I don’t think I’ve heard any cover artist sing my favorite verses

You say I took the name in vain
I don’t even know the name
But if I did, well really, what’s it to you?
There’s a blaze of light
In every word
It doesn’t matter which you heard
The holy or the broken Hallelujah

I did my best, it wasn’t much
I couldn’t feel, so I tried to touch
I’ve told the truth, I didn’t come to fool you
And even though
It all went wrong
I’ll stand before the Lord of Song
With nothing on my tongue but Hallelujah

um woah

I will always hit the reblog button so hard for Hallelujah but ESPECIALLY mentions of the elusive final verses which are just about my favorite lyrics ever. Why do people always omit the best part of the song??

In Yiddish

In Hebrew

In Ladino

Yeah, I wonder why the verses that reference specific Jewish mystical and chassidic concepts that aren’t readily understood by American “I love Jews, you know, Jesus was Jewish!” Christians never get any airtime. Funny that.

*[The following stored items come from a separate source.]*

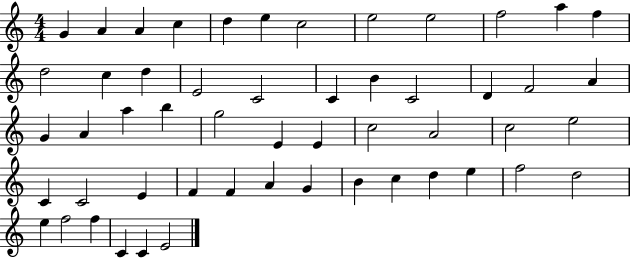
{
  \clef treble
  \numericTimeSignature
  \time 4/4
  \key c \major
  g'4 a'4 a'4 c''4 | d''4 e''4 c''2 | e''2 e''2 | f''2 a''4 f''4 | \break d''2 c''4 d''4 | e'2 c'2 | c'4 b'4 c'2 | d'4 f'2 a'4 | \break g'4 a'4 a''4 b''4 | g''2 e'4 e'4 | c''2 a'2 | c''2 e''2 | \break c'4 c'2 e'4 | f'4 f'4 a'4 g'4 | b'4 c''4 d''4 e''4 | f''2 d''2 | \break e''4 f''2 f''4 | c'4 c'4 e'2 | \bar "|."
}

You say I took the name in vain
I don’t even know the name
But if I did, well really, what’s it to you?
There’s a blaze of light
In every word
It doesn’t matter which you heard
The holy or the broken Hallelujah

These are specifically about Chassidic Jewish theories of the holy language, how each letter and combination of letters in Hebrew contains the essence of the divine spark and if used correctly, can unlock or uncover the divine spark in the mundane material word. And of course, there are secret names of God which, when spoken by any ordinary human would kill them, but if you are worthy and holy and righteous can be used to perform miracles or even to behold the glory of God face-to-face. The words themselves have power. Orthodox Jews often won’t even pronounce the word “hallelujah” in it’s entirety in conversation, because the “yah” sound at the end is a True Name of God (there are hundreds, supposedly) and thus too holy to say outside of prayer.

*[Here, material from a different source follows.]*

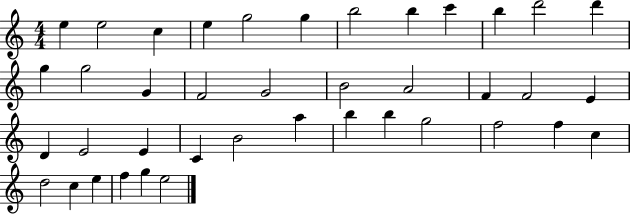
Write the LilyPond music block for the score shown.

None of this is to mention how David’s sin in sleeping with Batshevah (the subject of much of the song, with a brief deviation to Shimshon and Delilah) is considered the turning point in the Tanach that ultimately dooms the Davidic line at the cosmological level and thus dooms Jewish sovereignty and independence altogether. From a Christian perspective this led to Jesus, the King of Kings, and that’s all very well and good for them, but for the Jews, the Davidic line never returned and is the central tragedy of the total arc of the Torah. Like, our Bible doesn’t have a happy ending? And that’s what this song is about? There’s no Grace – you just have to sit with the sin and its consequence.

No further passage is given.